The feedback plus customer check-ins can provide useful analytics.

“It’s very hard to quantify the monetary value but loyalty programmes work.”

It is an engagement platform as well as a loyalty service and it is soon gonna spread to  other part of Africa said Bernard Owuor.

 

   Mutafa Go

Checking-in isn’t the only way that location technology is making life easier in east Africa

In the Ugandan capital Kampala, fuel shortages are an everyday occurrence.

This inspired a group of Makere University students to create an app called Mafuta Go, which shows you where the cheapest petrol is near you. It then tells you how to get there.

I am presently working on an app like this for ATM machines in the city of Abuja-Nigeria. The app is gonna help you discover the nearest ATMs within where you are and be able to tell you which ones are functional and dispensing cash. I got extremely pissed off one day after asking so many people for the locations of ATMs from where I was and ended up not getting money from any of those ATM locations.

Meka – Luganda

Meka – Luganda for “how much” – is Uganda’s first retail price comparison app and website created by a team of four smart Ugandan guys.

According to Mr Mugume, the app can help you find the cheapest shop you can get the particular stuff you want to buy. It is actually a good-shopping app.

“Let’s say you’re out shopping, you’re looking at this product – it’s about 500,000 [Ugandan shillings] – you can just pull out your phone, type it in, it will automatically do a search so you can see where you have the best deal.
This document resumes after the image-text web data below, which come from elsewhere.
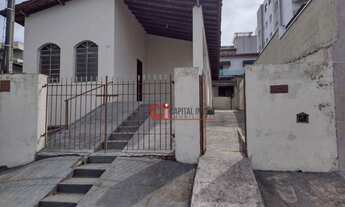 Imagem: Casa com 3 dormitórios à venda, 180 m²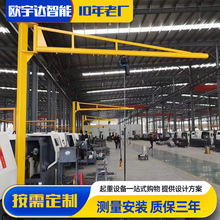 �ұ۵��S��܇�g؛�����\2��3���o���b��늄ӆα۵�5T�ұ۵����ؙC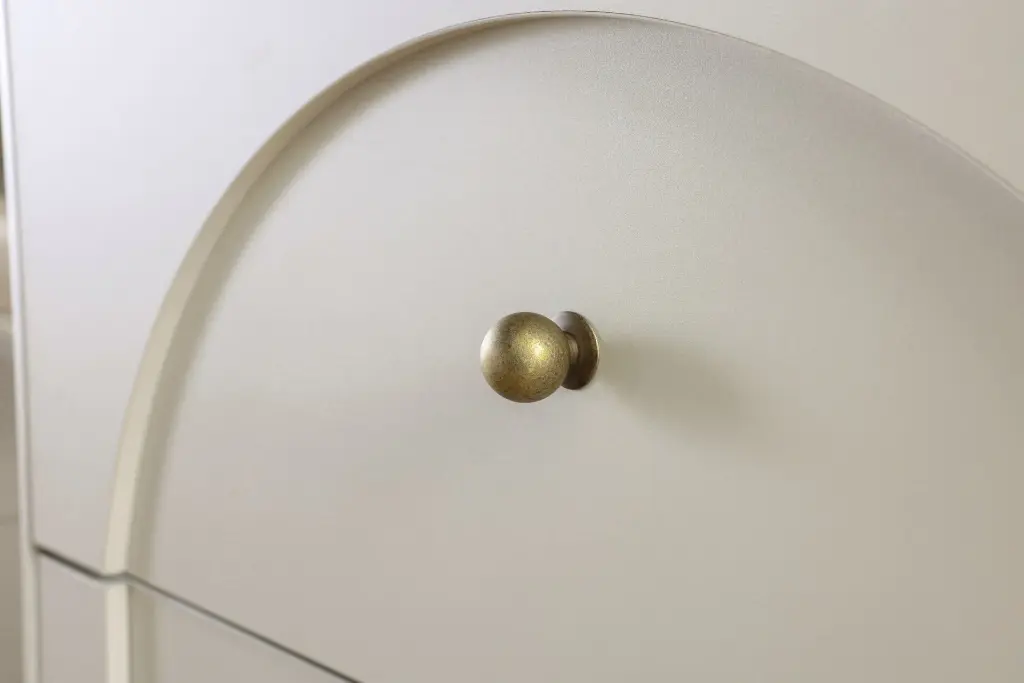 BORNEO SIFONYER SEREZ GRI/INTRO MESE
“With the mobile apps it’s much cooler – it will actually give you the distance from where you are to the other stores that stock the item.” says Mugume.

They are also working on an app to automatically synchronise stock prices and availability for the bigger stores.

Great and awesome apps, these folks are developing, in Uganda smart phones are used to map the poorest and most far-flung areas and seamlessly synchronised to OpenStreetMaps.

In fact a another Silicon Valley is emerging in Nairobi Kenya where lots of great start-ups are making things work.

Well-done my fellow African smart geeks, lets keep at it and change the Single-Story perception of Africa.